> **Supplied material**:
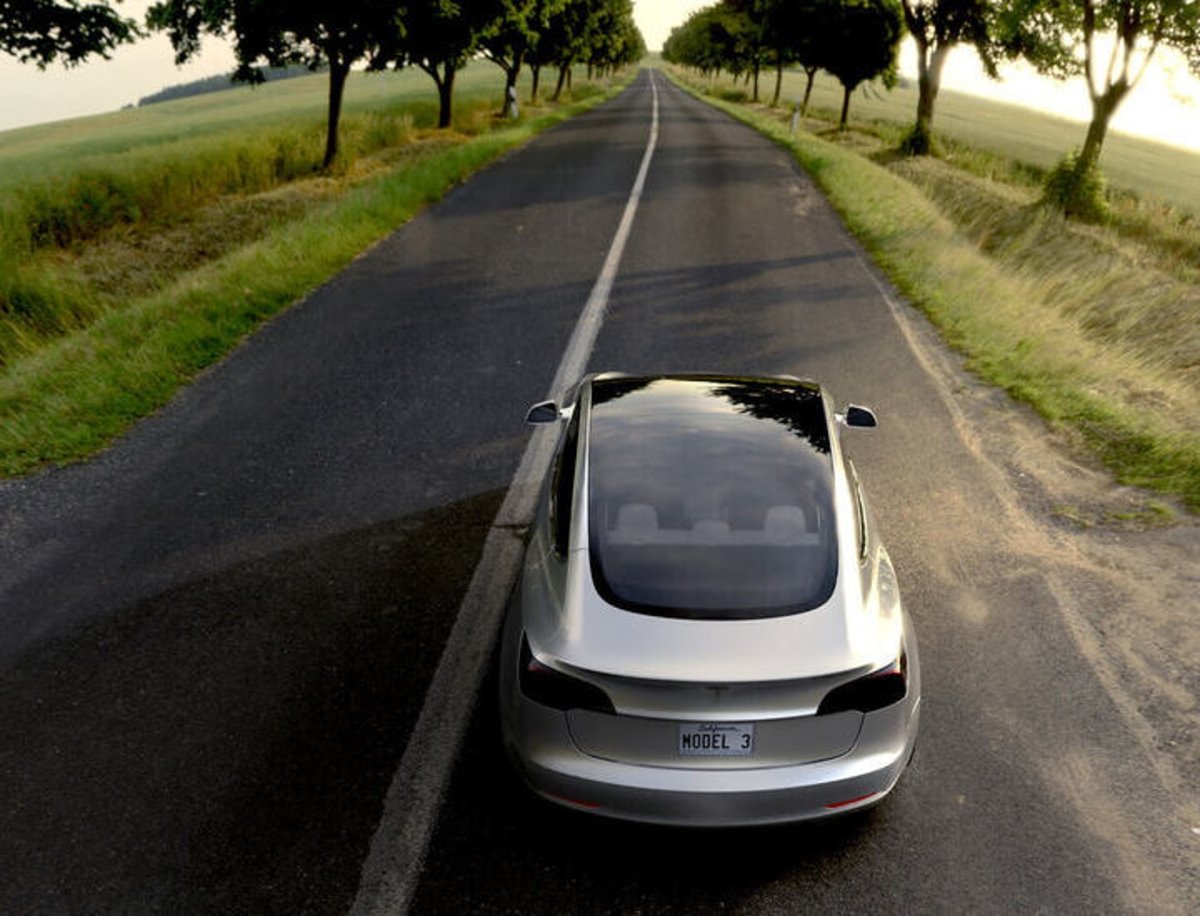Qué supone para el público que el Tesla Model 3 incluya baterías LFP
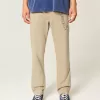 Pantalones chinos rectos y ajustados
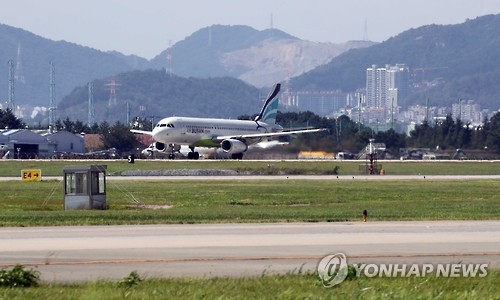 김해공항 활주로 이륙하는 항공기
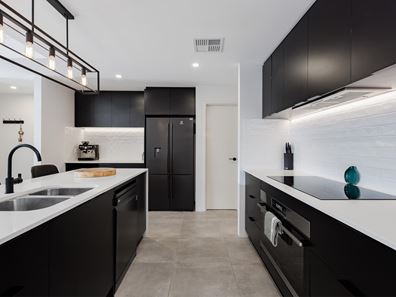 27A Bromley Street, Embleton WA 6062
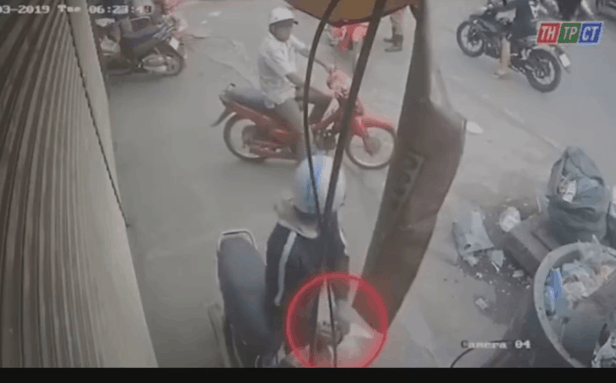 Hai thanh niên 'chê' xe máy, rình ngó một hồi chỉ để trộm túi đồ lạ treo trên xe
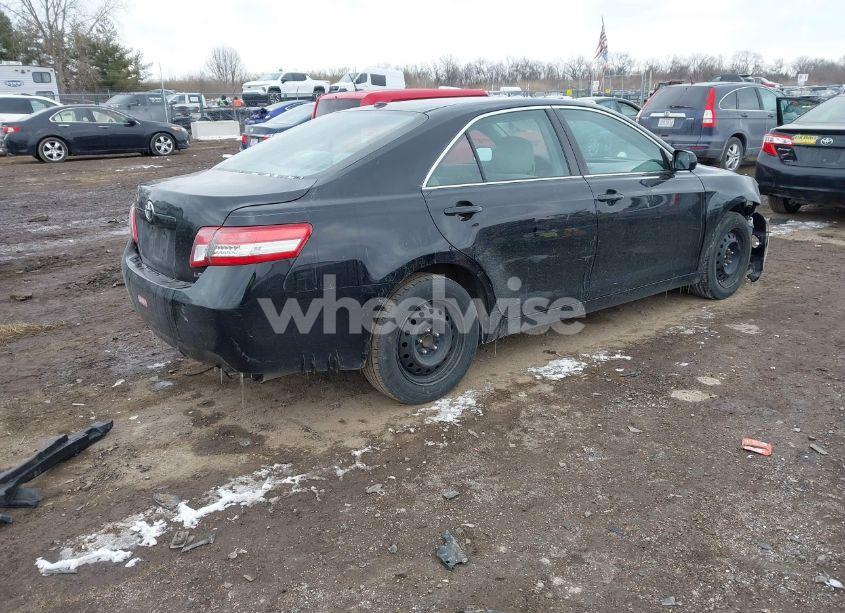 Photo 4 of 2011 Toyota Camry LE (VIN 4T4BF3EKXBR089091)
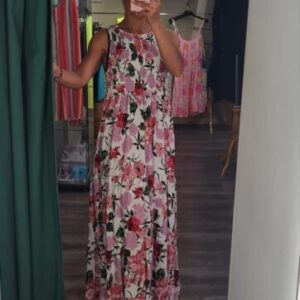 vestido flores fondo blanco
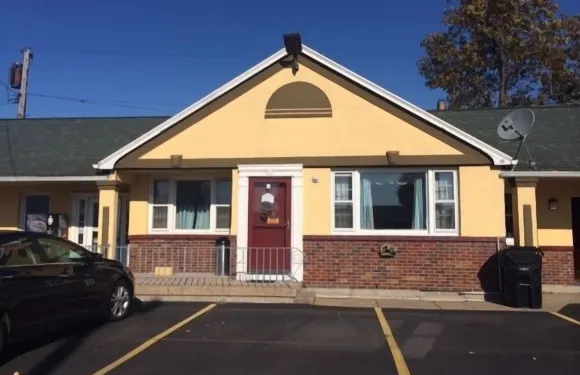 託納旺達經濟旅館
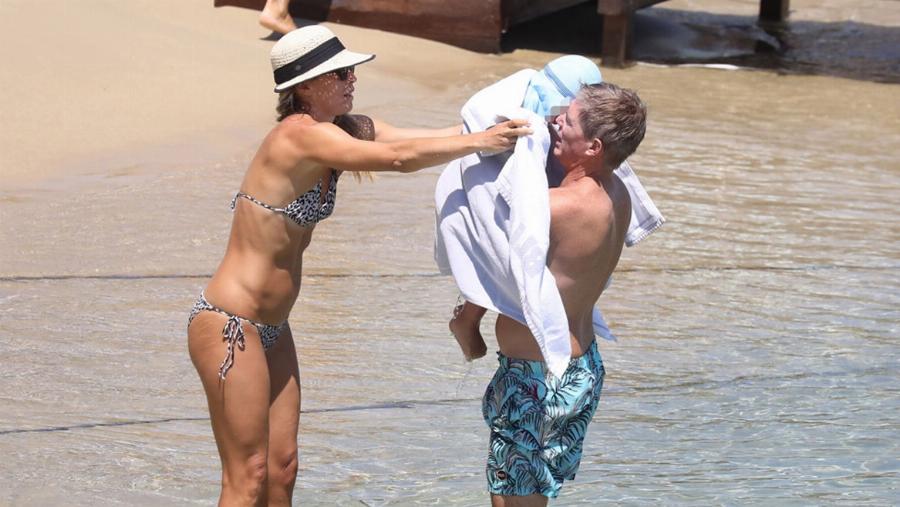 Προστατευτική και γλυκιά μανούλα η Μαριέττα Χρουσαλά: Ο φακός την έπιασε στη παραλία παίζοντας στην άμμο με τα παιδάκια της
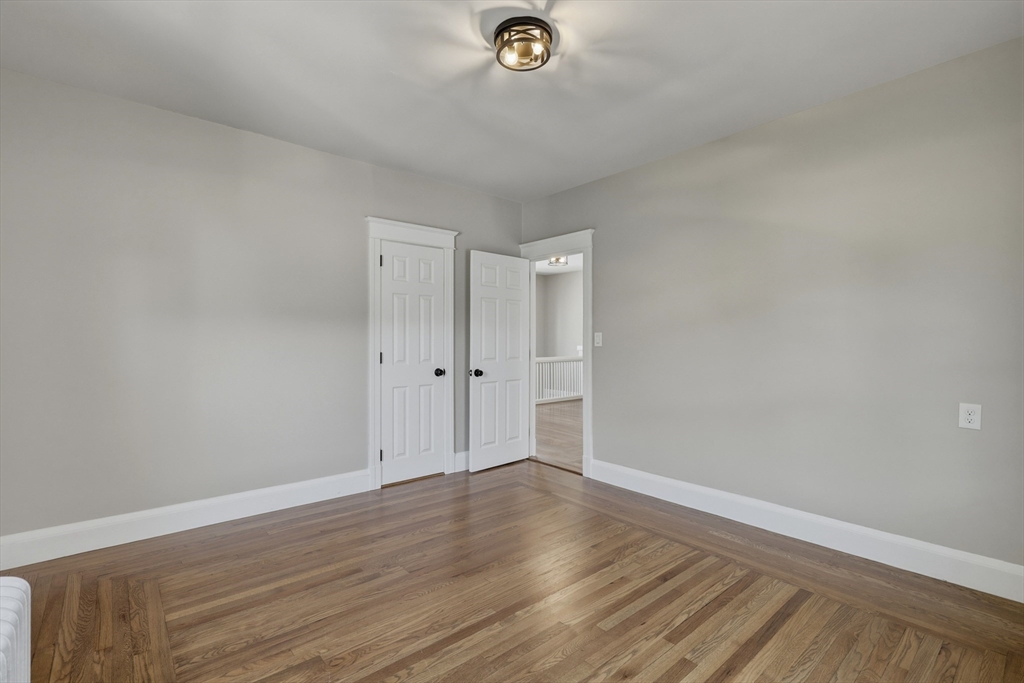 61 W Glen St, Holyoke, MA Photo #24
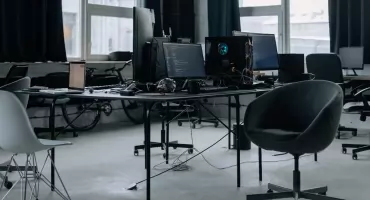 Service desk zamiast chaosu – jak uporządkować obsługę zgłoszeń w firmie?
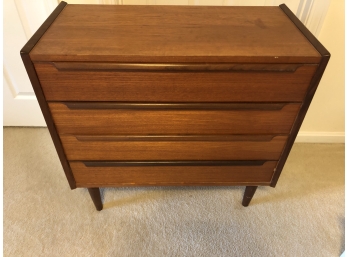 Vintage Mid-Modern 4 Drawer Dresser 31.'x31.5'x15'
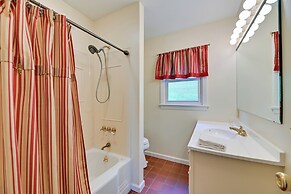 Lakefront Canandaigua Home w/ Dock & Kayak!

> **Try it**: Repeat the data exactly as given. Keep every picture out of the copy.

> **Output of the exercise**:
Qué supone para el público que el Tesla Model 3 incluya baterías LFP
 Pantalones chinos rectos y ajustados
 김해공항 활주로 이륙하는 항공기
 27A Bromley Street, Embleton WA 6062
 Hai thanh niên 'chê' xe máy, rình ngó một hồi chỉ để trộm túi đồ lạ treo trên xe
 Photo 4 of 2011 Toyota Camry LE (VIN 4T4BF3EKXBR089091)
 vestido flores fondo blanco
 託納旺達經濟旅館
 Προστατευτική και γλυκιά μανούλα η Μαριέττα Χρουσαλά: Ο φακός την έπιασε στη παραλία παίζοντας στην άμμο με τα παιδάκια της
 61 W Glen St, Holyoke, MA Photo #24
 Service desk zamiast chaosu – jak uporządkować obsługę zgłoszeń w firmie?
 Vintage Mid-Modern 4 Drawer Dresser 31.'x31.5'x15'
 Lakefront Canandaigua Home w/ Dock & Kayak!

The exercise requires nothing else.